We're fine using the MS name although they weren't too impressed when we dealt with Bikeray and Inton with the MS name in the domain name and..logo. We have a pretty good relationship with them to ensure smiley customers. We protect both sides else we'd look like fools selling a pariah brand we don't believe in.


----------



## qbrch007 (Oct 11, 2011)

Took the Inton out for a 90 minute ride this week just to see how it does. First disclosure, I'm a roadie so all of my impressions are taken from a ride on my Specialized Roubaix SRAM Rival bike on the road in suburban, rural and some light urban traffic during my ride here in South Carolina. Night time ride was dark, no moon illumination with some starlight.
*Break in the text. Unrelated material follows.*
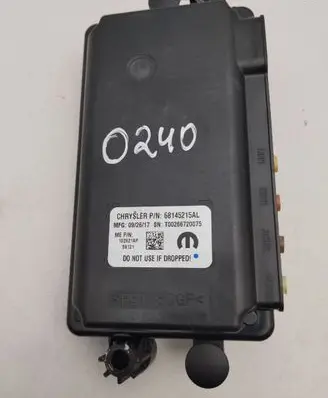 Chrysler Pacifica Camera control unit module 68145215AL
Temperature started at 49 degrees F and ended at 41 degrees F during a 10PM EST night time ride. 

Loves:
- Hi beam brightness destroys my cheapo LED flashlight I've been using. When switched from the Inton back to what I was using before I couldn't believe that I was using the flashlight before for road riding at night for as long as I've been. No way I can ever go back now. When riding with oncoming traffic, high beam is too high and need to step down to a medium or low setting with traffic. Light pattern has a decent throw with surrounding flood. At road speeds of 30 mph and on high settings I was comfortable in being able to see any road hazards ahead of me as well as any potholes/sticks/other road hazards. 
- Construction of the Inton seems very durable and looks like it can take a beating. 
- Heat dissipation seems adequate - light housing wasn't even warm at the end of my ride - although I was riding in mid-40 degrees F weather so this verdict is still out until I've had a chance to test during South Carolina summers. 

Gripes: 
1. When facing oncoming traffic, I'm initially in high mode and hit the button once to drop down to a medium mode. But then when the car passes I have to either hit it 3 times to cycle through Low/Flashing/Off to get back to high again, or I hold the button for 4 seconds, temporarily go dark, and then hit it again to reactivate high mode. the car issue is less of a concern if mountain biking but it's a bit of a hassle for road use unless you leave it on med/low settings. When the weather is warmer it'd be less of a hassle for me to use my fingerless gloves and swing the dial low when traffic is coming and then swing it back once they pass. But when you're wearing cold weather gloves (i.e. thick) you don't want to mess with the dial at all. 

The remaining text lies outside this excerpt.